You're pregnant. Your feet hurt, none of your clothes fit. You've made 11 trips to the bathroom already and it's not even noon. The last thing you are thinking about is pandemic flu, right?
Unfortunately, the possibility of a flu pandemic or infectious disease outbreak doesn't disappear when a baby is on the way. As a matter of fact, it's more of a concern for women when they are pregnant.
Here's why: Pregnant women are more likely to catch the flu and become very sick, which can cause pregnancy problems. Pregnant women go to the doctor's office a lot for regular check ups (can't they get some new magazines in the waiting room, already?) which means they won't be able to stay home and avoid people who may have the flu. Some moms-to-be may be scared about taking medicine to treat the flu because they are worried about the effect it might have on their upcoming new arrival.
While there is plenty of advice out there for pregnant women and seasonal flu, there is not enough advice on pandemic planning for pregnant women, and they need answers.
That's where our health officials come in. A recent journal article says that health officials can do more to make sure women are educated about pandemic flu and have the right advice.
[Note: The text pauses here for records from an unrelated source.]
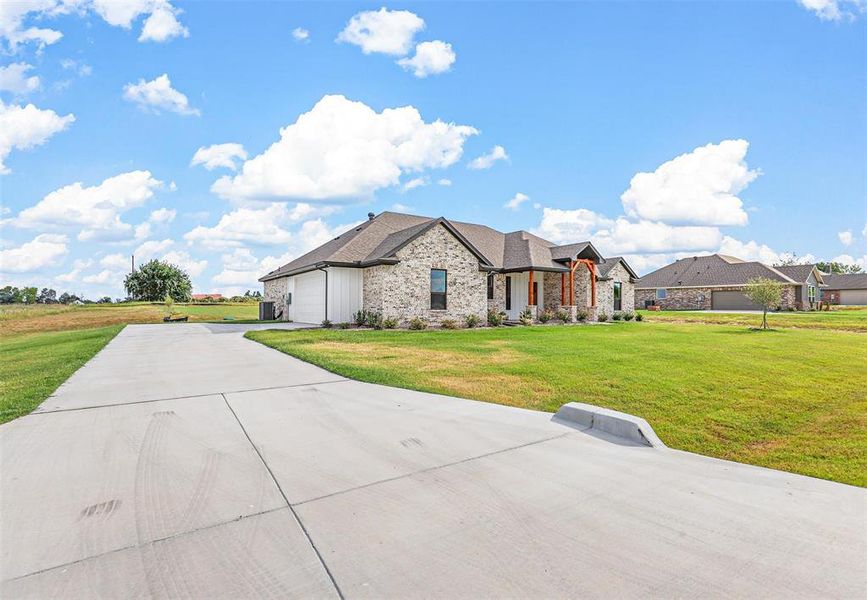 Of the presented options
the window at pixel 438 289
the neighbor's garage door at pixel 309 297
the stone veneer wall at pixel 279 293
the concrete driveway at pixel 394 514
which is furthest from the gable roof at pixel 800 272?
the concrete driveway at pixel 394 514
The article, written by researchers with the U.S. Centers for Disease Control and Prevention, calls for more planning for the needs of pregnant women during a pandemic as well as more research and better communication on the issue.
Our advice? If you are a doctor or health worker who works with pregnant women, start thinking of how pandemic flu might affect them. If you are a pregnant woman, ask your health provider for guidance. If she or he doesn't have the answers, this fact sheet on pandemic flu and pregnancy from the Indiana State Department of Health is a start.